Four years ago, on New Year’s Eve, I wrote a post on “generalizing” Intellectual Property Law. In the intervening period, particularly in the last two years, I have been blessed with ample opportunities to apply that sentiment to my work which has improved (I think) my understanding of IP Law and its practice. I have had multiple occasions to understand IP through the prism of Constitutional law, Criminal law and Competition law, and also go through the entire process of trials. The latter has strengthened my firm belief that a lawyer who banks solely on his knowledge of substantive law to deliver the goods is not even half a litigator because procedure will prove to be his Achilles’ heel.
Also, increasingly, I am of the opinion that although it might help to have a dedicated forum to deal with technology litigation, technology litigators must themselves not limit the scope of their practice and learning to their specialized areas. Regardless of what one chooses as her or his area of core competence, a litigator shouldn’t lose touch with fundamentals such as jurisprudence, Constitutional Law and Contracts. In fact, I’d go a step further to say that it is counter-productive, at least in Indian Courts, to project oneself as a specialist technology/IP litigator. Of course, the approach depends on what one wants to be seen as. If the objective is to have a larger appeal and be sought after as a counsel for multiple areas of the law, it helps to be a generalist with core competence in select areas, which is vastly different from exclusively practising niche subjects.
As I have said before, this is important because an internalized understanding of general areas of the law helps a litigator connect with non-specialist Courts which are seized with specialized subjects like IP. I have personally benefited as a litigator by employing this approach each time I have had to present the peculiarities of an IP statute before a Court, hence the conviction. Which is why it surprises me when I hear students of the law, who are yet to set foot in the profession and who wish to litigate, declare with absolute certainty in the first or second semester of law school that all they wish to study and focus on is IP or some other specialized subject.
It is certainly important to closely follow the evolution of jurisprudence in one’s chosen area, but it is equally important to connect it to the big picture because ultimately a litigator must be in a position to present to the Court the larger implications of specific arguments. And staying constantly in touch with general principles of the law helps present such arguments with greater effectiveness. Therefore, I think students would benefit immensely from paying attention to the fundamentals of general subjects instead of rushing through them. It would also help in the long run to having a basic understanding of economics and accounting.
This applies all the more to students of law who come from an engineering or pure sciences background. Although I don’t think law is meant to be taken up only by students from commerce or humanities streams (since I am engineer-turned-litigator myself), I do believe engineers and science grads in particular must invest more efforts in understanding the spirit of the law by systematically and rigorously examining theories of law and principles of common law. Engineers and science grads can certainly bring to the law skillsets and attitudes which are unique to them, but it is also imperative to “acclimatize” themselves to the dialectics of the law and its parlance.

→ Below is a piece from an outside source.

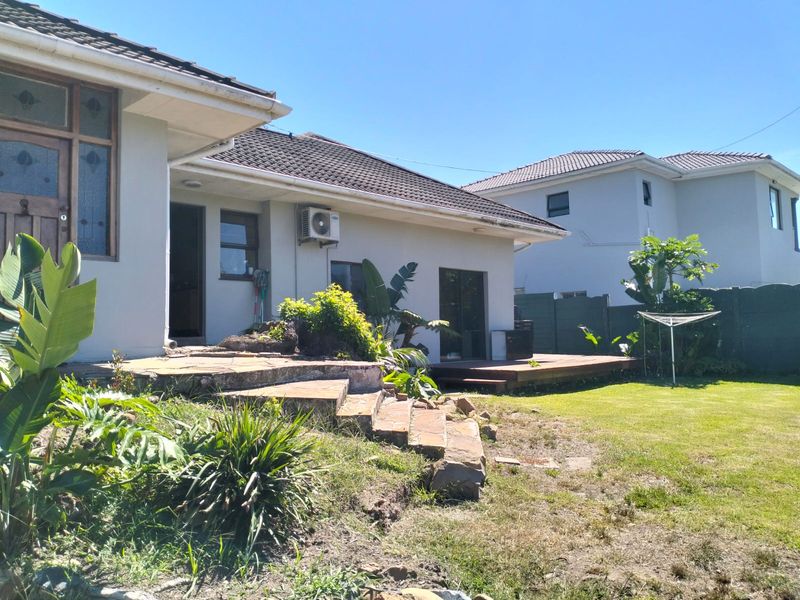 Spacious 4-Bedroom House for rental in Beacon Bay - Photo 1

When they do so, they will not only find greater acceptance in the fraternity, but will also perhaps be rightfully heard first on areas such as patent litigation given their training in technology. This also has a critical and positive consequence for the quality of discourse on patents. In the last few years, although the level of IP awareness has increased in India, the discussion on patents seems limited to broad and generalized propositions which may be attributed to lack of training in science, and negligible or no experience in the practice of the subject on the part of certain commentators. There are notable exceptions to this trend, but by and large the reluctance to deal with specifics probably stems from a clear paucity of training and experience.
I personally believe that the bar on academics from practising the law must also be held significantly responsible for this trend, which may not be peculiar to the patent discourse. As long as this bar remains in force, academics will be deprived of the opportunity of sharpening their perspectives through practice. Until such time this bar is lifted and even after, patent litigators with training or experience with technology must play a greater role in shaping the discourse on patents and in volunteering with realistic policy initiatives. This will hopefully bring about a more nuanced discussion on the subject. I must clarify that none of these suggestions are meant to claim an exclusive space for litigators with scientific training because there are patent practitioners whose lack of formal scientific training has not come in the way of professional brilliance.